But I digress, I do enjoy hearing about people’s lives and have become a self proclaimed Facebook stalker. Hey don’t judge me, you know you do it too! I prefer reading my friends updates to calling them on the phone sometimes because it just seems less intrusive.
What I do for a living requires me to be on the phone pretty much all day. I love what I do but at the end of the day I sometimes just do not want to see another phone. Sometimes (and yes I know some of you have suspected this and now I’m admitting it in writing no less) I hear the phone ring and simply ignore it because I just don’t feel like talking. Hey, accept it people, sometimes I don’t want to be readily and immediately accessible twenty freaking four hours a day!
But that, as they say, is a topic for another day.
My sister is one of the funniest people I have ever had the privilege to know. She tells stories that have people bent over double laughing with tears pouring from their eyes. I have heard many of these stories more than a few times yet cannot wait to hear her tell them yet again. The girl is gifted. She also happens to be gorgeous and artistic and smart and ambitious and strong willed and … well anyway … she’s a very cool person. She tells stories of things that have happened to her or around her but to my knowledge has never resorted to the proverbial fart jokes. Some of her stories though don’t always put people in the best light but then as I said in the beginning of this, I find that to be incredibly brave.
When I was almost nineteen years old I met this man-child who for the sake of anonymity I will call Scott. Scott was one of those guys that everyone wanted to be friends with. He would walk into the house where we all hung out and people from all over the house would call out his nickname, kind of like Norm from Cheers. He was the center of attention in every room. I was the silly redheaded girl worshipping from the other side of the pool table and nursing my Yago Sangria. (don’t ask I wasn’t a beer drinker)

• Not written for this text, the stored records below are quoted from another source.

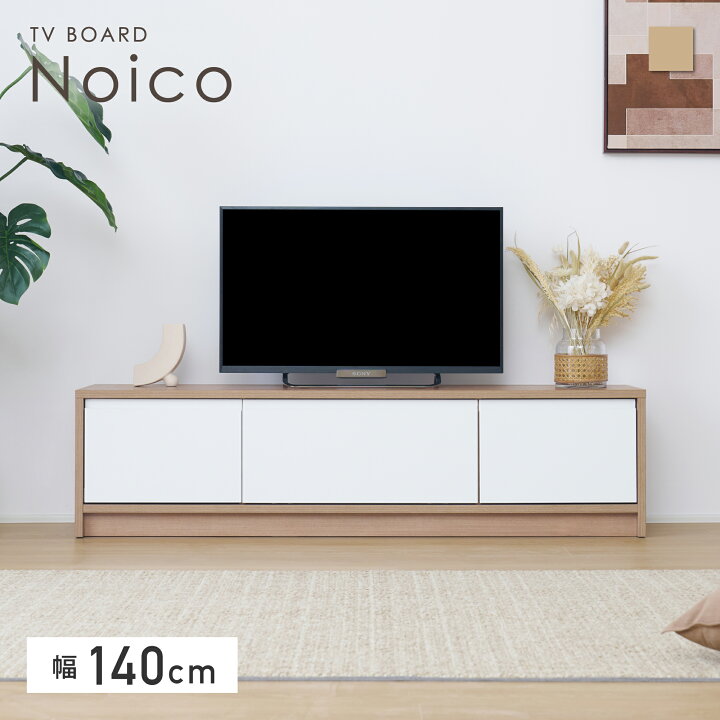 楽天市場】テレビボード 幅140cm TV台 AVボード ローボード 木目調 
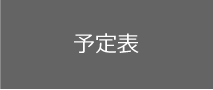 予定表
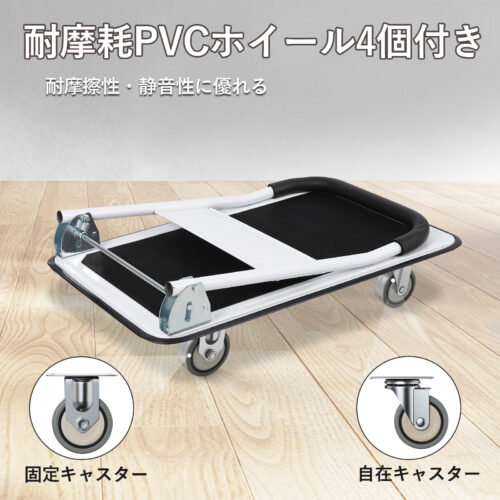 折りたたみ台車 耐荷重 150kg 300k 小型 軽量 コンパクト 静音 台車 キャリーカート スチール台車 手押し台車 - 画像 (12)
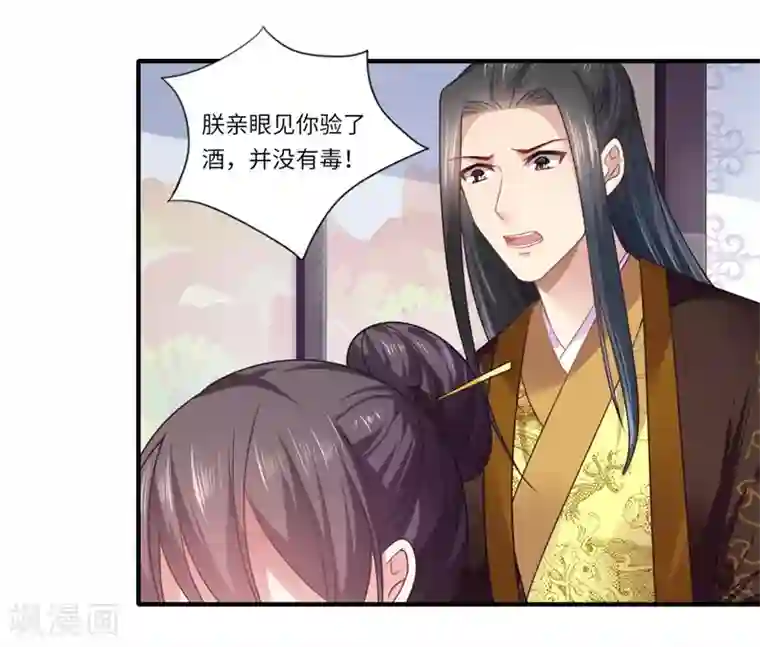 倾世医妃要休夫第107话 被算计了！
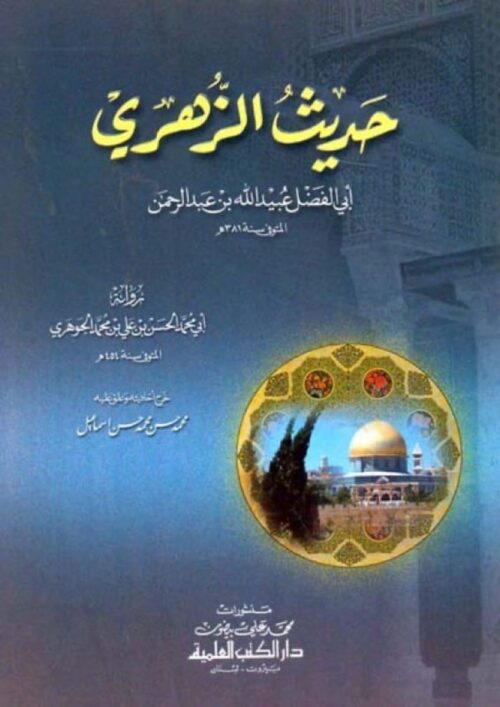 Hadith al-Zuhri: Abu al-Fadl Ubayd Allah ibn Abd al-Rahman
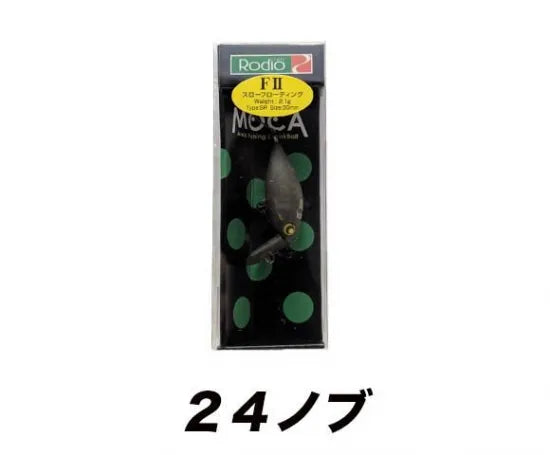 ロデオクラフト　モカSR 2フック（F2)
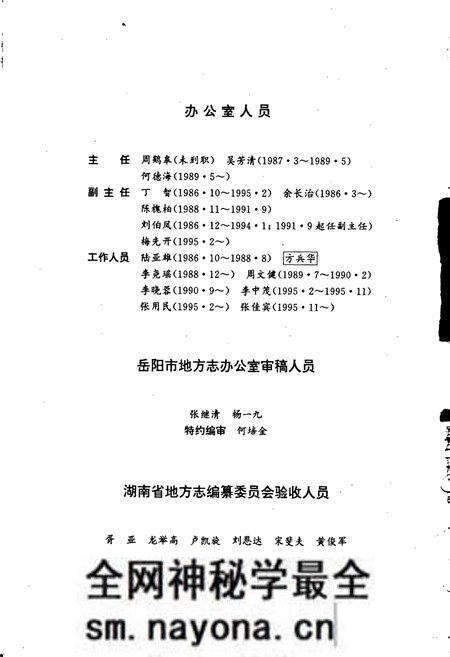 《临湘市志》.pdf电子版_湖南省志预览图3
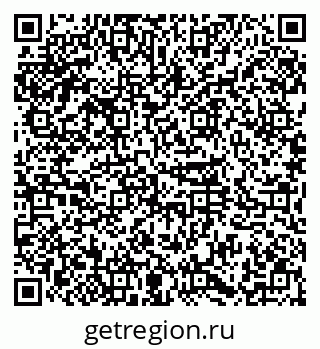 79374025387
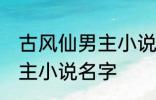 古风仙男主小说名字 如何取古风仙男主小说名字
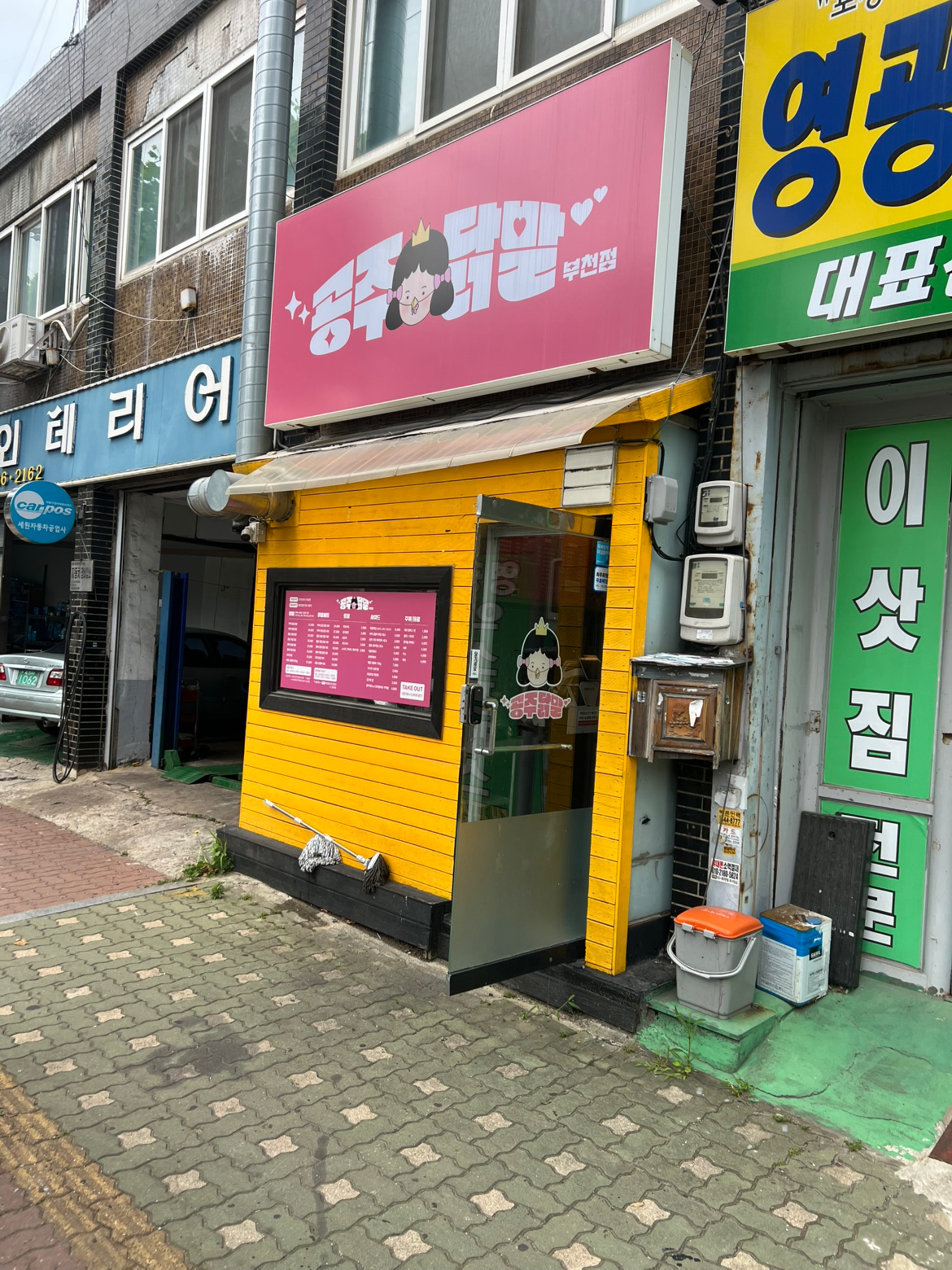 매물 썸네일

Scott had long streaky blond curly hair, just a little past his shoulders, a round red toned face with rosy cheeks, a cherubic mouth and sparkling brown eyes. I know what you’re thinking, “Sparkling? Really Mary?” Yes I swear to you they sparkled, I could have gone spelunking with those eyes! He had a reddish blond mustache and beard and was just a couple of years older than me chronologically but ages older than me in every other way. I was this ridiculously sheltered girl with too much hair and a big mouth that got me in trouble a lot. I was also very innocent of the world of men and women; at the risk of negating my own above-mentioned reticence to “air my dirty laundry” I’ll leave it at that. Don’t get me wrong, I knew all about it I had just never had the opportunity to put what I knew into practice.
He was funny … hilarious actually and brave. He would hustle people at pool and they would laugh the whole time they were handing him their hard earned dollars. He balanced a chair on his forehead at a wedding reception once and had everyone in the place smiling like idiots. He was just the right amount of “Don Rickles style” insulting and self deprecating at the same time. He could tell jokes one right after the other like the pump action on a machine gun. rata tat tat He was the man and everyone knew it. Did I mention that I like funny people? Well as you can imagine I really liked this guy.

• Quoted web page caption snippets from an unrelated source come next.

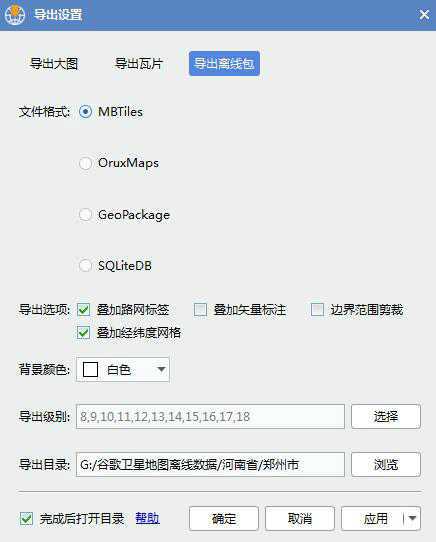 9河南省郑州市高清卫星地图离线包数据导出离线包.jpg
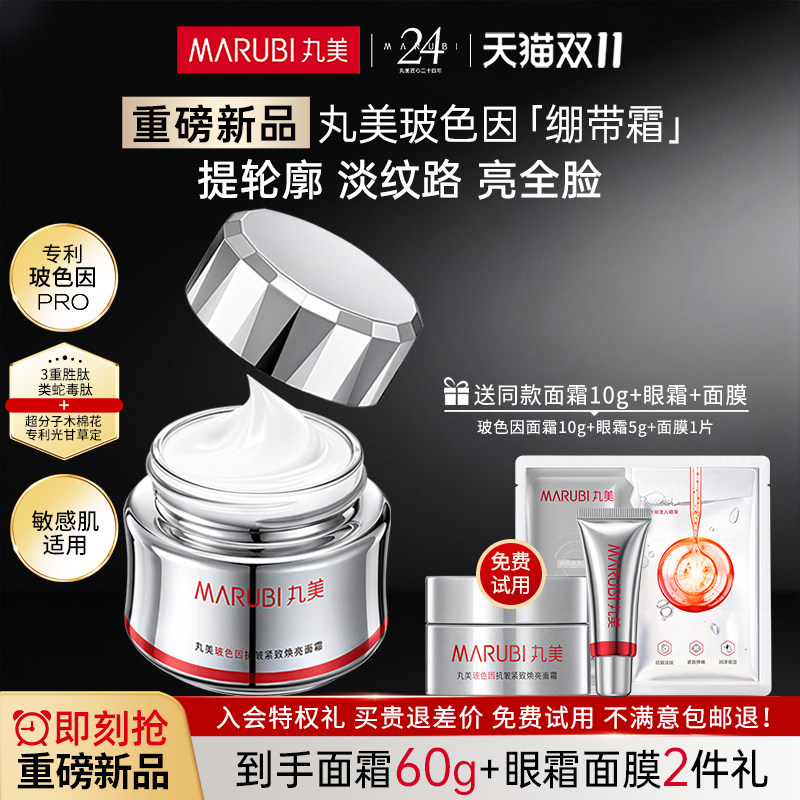 丸美玻色因绷带抗皱紧致焕亮面霜保湿滋润补水修护敏感肌官方正品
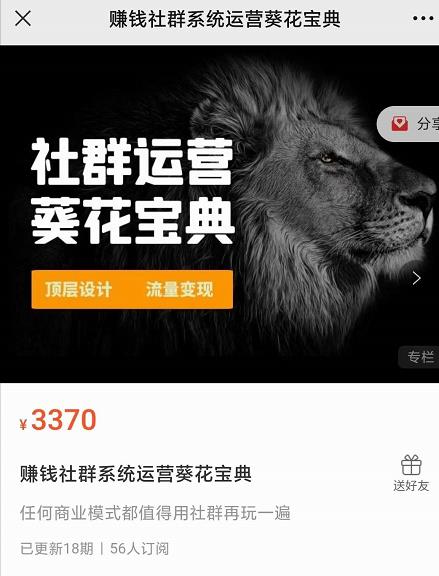 赚钱社群系统运营葵花宝典，任何商业模式都值得用社群再玩一遍-无痕资源库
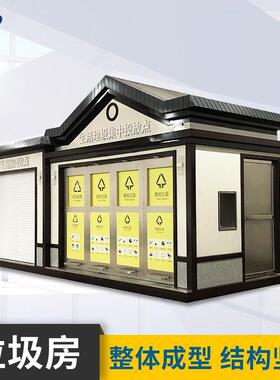 档小区垃圾分类房金属雕花板户外垃圾分类收集房成品移动垃圾屋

He noticed me. I am forty six years old as of two days ago and for the world of me cannot tell you even now what this guy who everyone worshipped saw in me, this silly immature eighteen year old girl. I was chunky and awkward with a big curly head of red hair and no idea what I was doing with this dream of a man.
He was no Prince Charming I’ll tell you that, our time together was usually spent one on one and eventually my hero worship wore off when I discovered that he had a girlfriend and that I was the girl “on the side”. That was quite an experience for me I’ll tell you. I cried for weeks. I sat down the street from his house and listened to ridiculous love songs on the radio and wailed at the loss. Loss of what? Oh well with my clear forty six year old vision, not much but try telling that to a twenty year old. I put my friends through hell with my phone calls and tears and depression … good lord is there anything worse than a twenty year old girl who was dumped by her first love? I was a nightmare! He was a complete ass about it all too. Men! Who needs them right?

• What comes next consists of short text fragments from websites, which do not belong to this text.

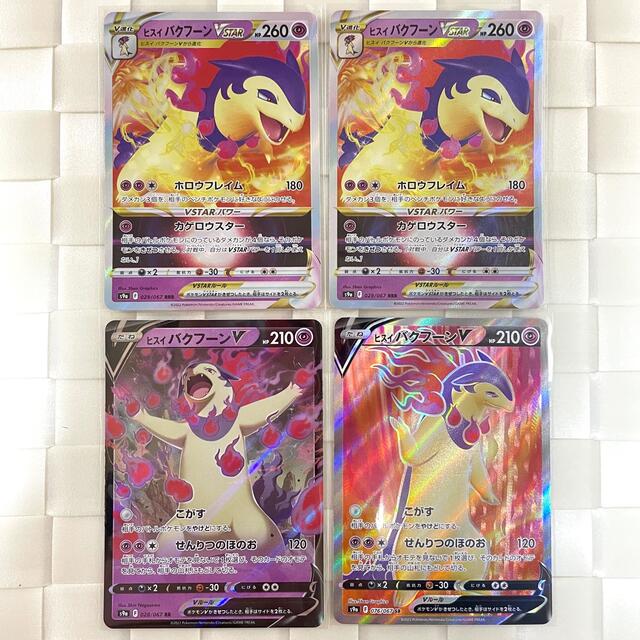 SR UR 8枚セット　ポケモンカード　まとめ売り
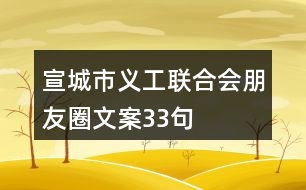 宣城市義工聯(lián)合會(huì)朋友圈文案33句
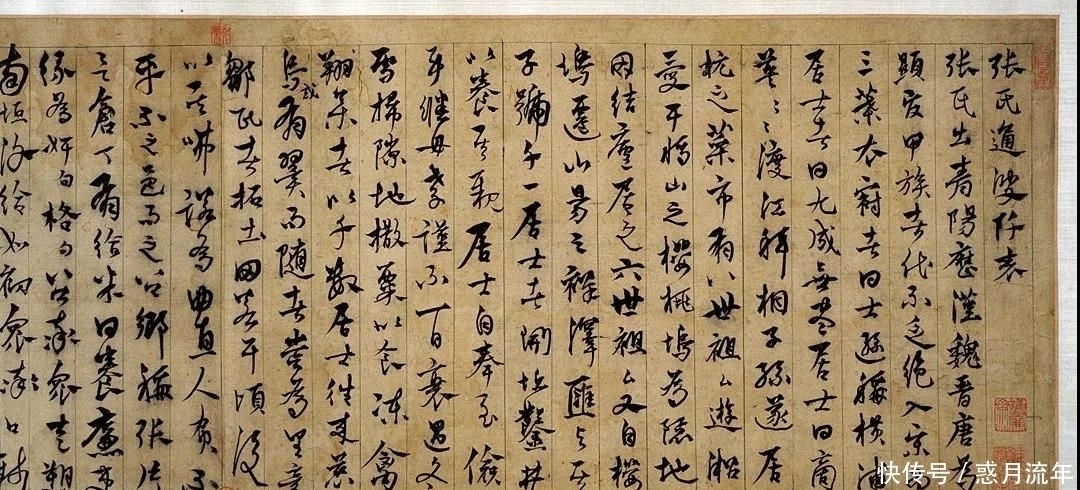 章草@丑书鼻祖杨维桢,将章草、今草、行草书相结合,却美倒无数人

Yeah … so when my divorce was final at the tender age of twenty two I ran into him again. Here we go again as they say. This time though I was a woman of the world so I handled it better when he moved on. Yeah I wouldn’t buy that either if I were you. I fell apart all over again. To make matters worse this time I had told him how I had felt about him that first go ’round. Oh god, I wanted to die of humiliation as he very quickly and decisively extracted himself from my grasp with his usual, “I’ll call you” as he ran full tilt to his car. That was it, I was done! No more room for Scott in my world!
Wrong! We ran into each other a couple of years later at a 4th of July party and it started all over again. My daughter couldn’t stand him, I’m not sure why that didn’t set off alarm bells but there it was. I moved from North County to West County shortly after we started seeing each other this time. It didn’t last long after that though because I lived too far away for him to drive to see me. Forty five minutes each way, that apparently is the deal breaker. What a jerk! Man I’m so glad to see the last of him.
Here’s the sad thing though. If I were to see him right now all of those same feelings would come rushing back to me and if I had the opportunity I would do it all over again. He doesn’t have long hair anymore, I know this from mutual friends, but I’m willing to bet you that his eyes still sparkle. If he said my name just that certain way I would be his however temporary that might be. If he told me a joke with that cupid smile on his face there is no telling what I might do. He probably doesn’t have the same fond memories of our time together as I do but I don’t care. These are my memories and I will do with them whatever I’d like.